Что касается Хан-Сеида, то он спасает Кучума и его прекрасную ханшу Сайхан-Доланьгэ после последнего жестокого поражения под Искером, и это спасение однозначно трактуется в легенде как чудо: «Хан-Сеид протянул свои руки над головой Кучума, и сделались они... невидимыми… Великая беда случилась и великое чудо». Последнее чудо, совершенное Хан-Сеидом и свидетелем которого становится московский посол, тесно связано с мифологией татар. На глазах у изумленного и испуганного московского посла из сорванной молодой ханшей травы рождается непобедимое войско: «Сколько сорвано было ханшей травы, столько вышло в поле и джигитов».
Степная трава в легенде – символ бессмертия. Именно поэтому Кучум в легенде обречен на бессмертие: «Жив старый хан Кучум и сейчас, он бродит по степи с невидимым войском. Где он прошел – там лежит трава, сорванная ханшею Сайхан-Доланьгэ. Один он остался, потому что один не изменил своей матери-степи и искал честной смерти в открытом бою с врагом. Вот почему, где будет в степи стоять кош и где будет куриться живой огонек, там будет петься и слава старому хану Кучуму, красавице-ханше Сайхан-Доланьгэ и грозным Кучумовичам».
Сравнение воинских рядов с густой травой является общим для эпоса разных народов. Для примера можно привести фрагмент из Есиповской летописи, в котором описывается сражение войска Ермака с татарами «у реки Иртыша на брегу под Чювашевым: «И насеяшася множество их, яко травы селнии. И бысть сними бой велик октября в 23 день, и жняше православное воинство нечестивых божиею помощию, яко же класы».

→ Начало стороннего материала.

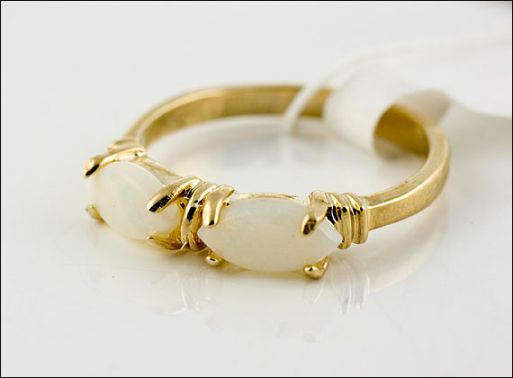 Позолоченное кольцо из мельхиора с опалом 18957 купить в магазине Самоцветы мира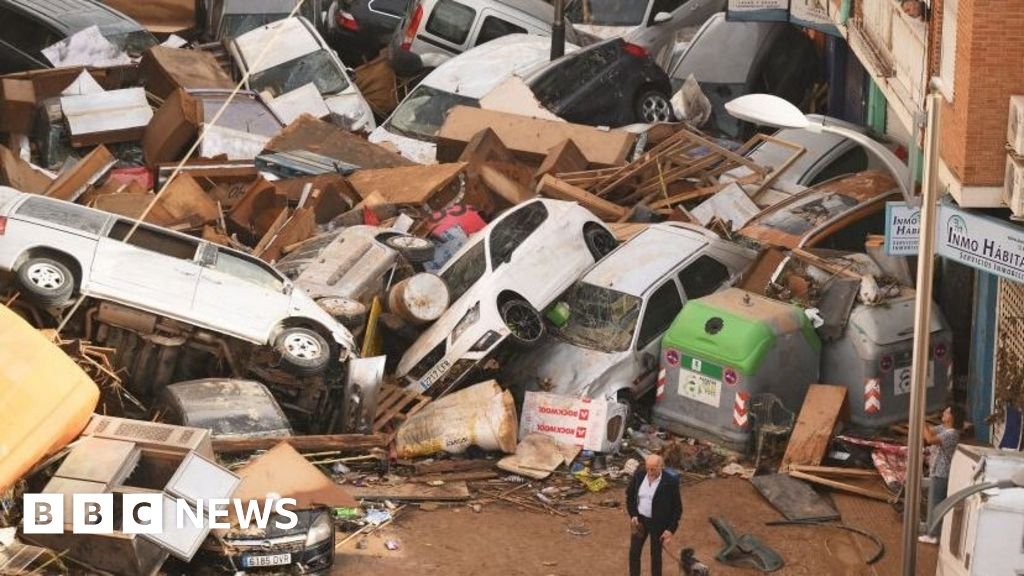 Drivers rescued after floodwaters cause chaos in Spain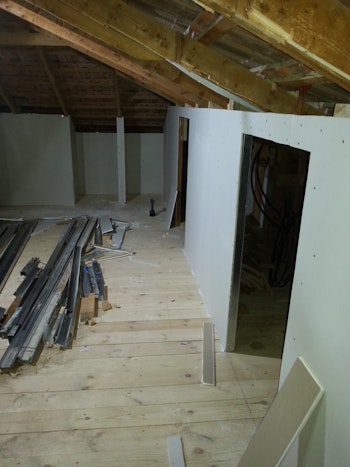 שיפוץ עליית גג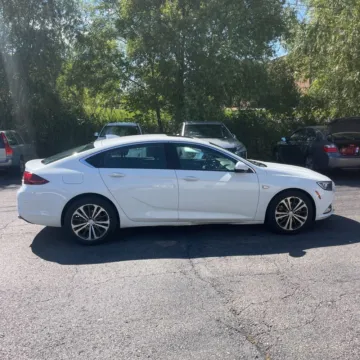 More photos of 2018 Buick Regal Preferred at Indy Auto Man, IN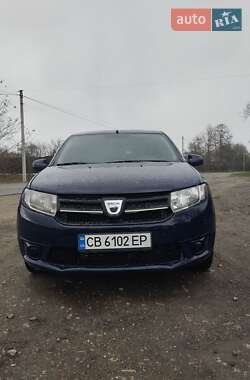 Хетчбек Dacia Sandero 2013 в Остер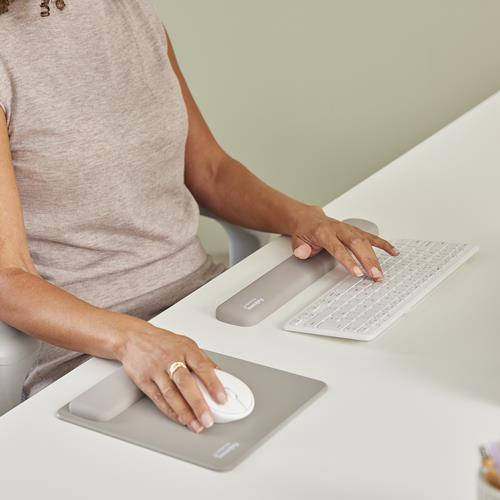 KEYBOARD ACC WRIST RESTS/COMP. SAND 100142574 FELLOWES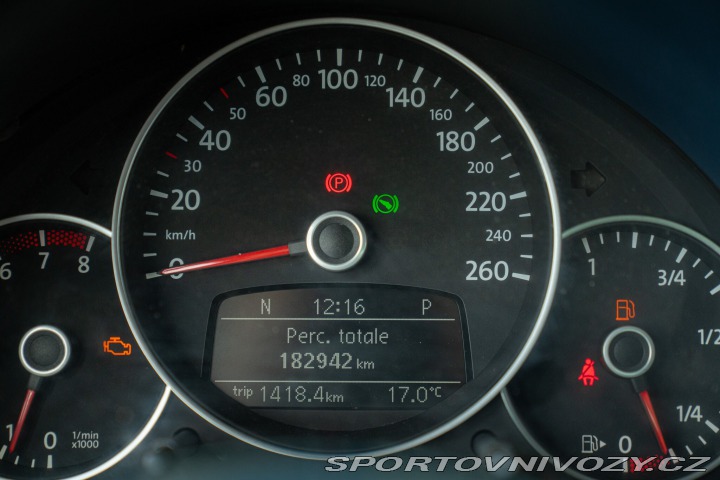 Volkswagen New Beetle 2.0 TSI DSG Sport 2012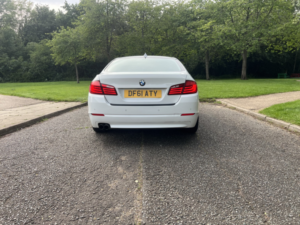 2012 BMW 5 Series 2.0 520d Efficient Dynamics in White — image 5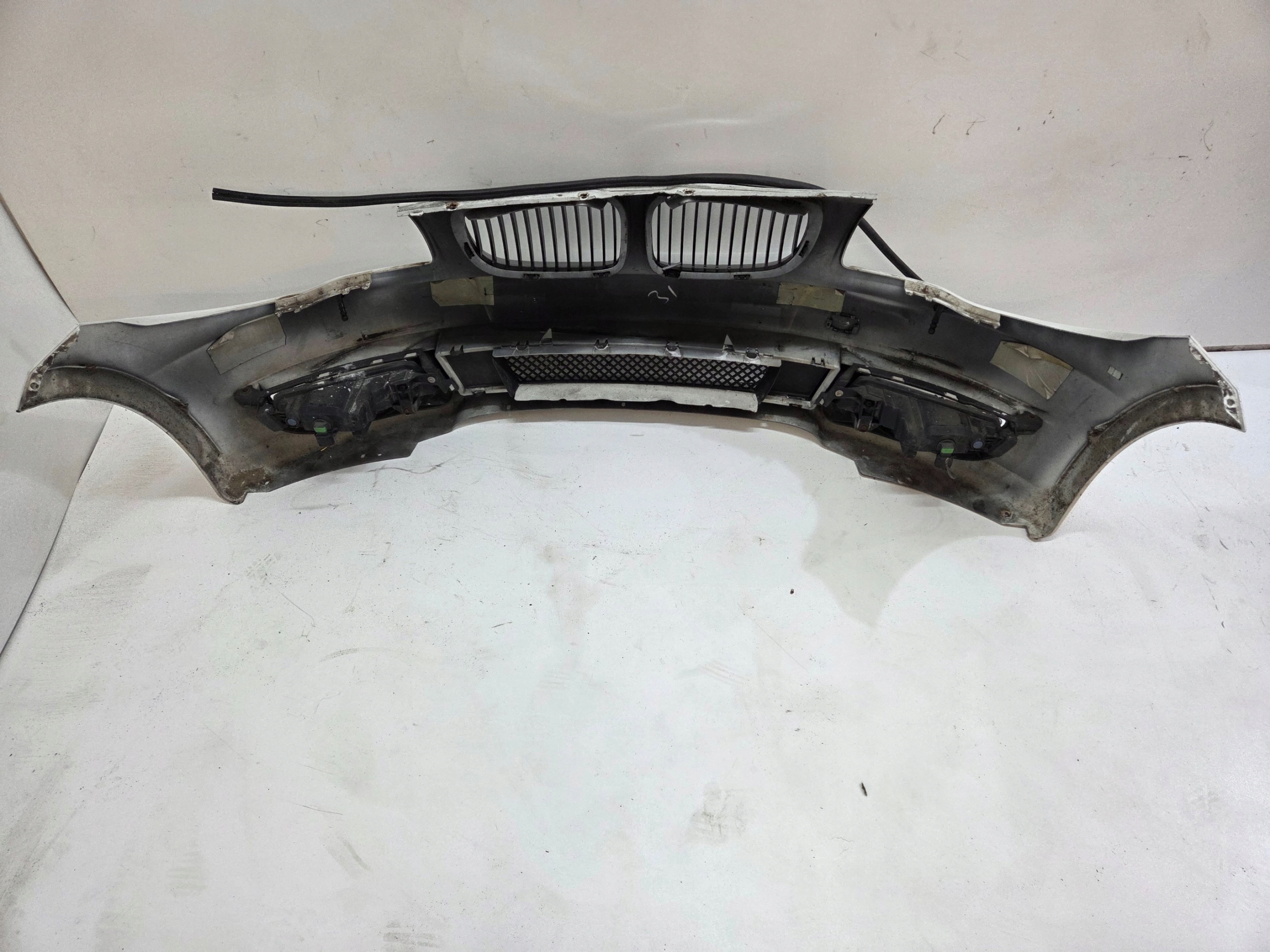Frontstoßstange BMW E82 M PAKIET 300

Уподобление битвы жатве характерно для русской поэтической традиции. Но в «Сказании о сибирском хане, старом Кучуме» Мамина-Сибиряка этот образ другого культурного происхождения: мифическое войско Кучума уподобляется степной траве, которую не сеют и не жнут, сорванная трава дает жизнь новым воинам, и войско Кучума также безбрежно, как сама степь.
Трагические события, связанные с борьбой за Сибирь, изображаются автором не с позиции русских завоевателей, а с точки зрения народа, для которого степь — родное пространство, и этим оправдываются все приносимые жертвы. В финале автор-сказитель воспевает хана Кучума, красавицу ханшу и их сыновей.
Мамин-Сибиряк, несомненно, гордился этим видом своего творчества. Поэтому его не удовлетворила роль «собирателя» легенд, отведенная ему рецензентом. В том же письме от 31 мая 1898 года к В. А. Гольцеву Мамин отстаивает свою самостоятельность в создании легенд: «Если что мной заимствовано, то исключительно язык, восточные обороты речи и характерные особенности в конструкции самой темы. Затем из истории взята только основа легенды о Кучуме, за исключением завязки. Все остальное, то есть содержание всех легенд, характеристики действующих лиц, типы и завязки, всецело принадлежит мне и никакими посторонними материалами я не пользовался и ничего не собирал».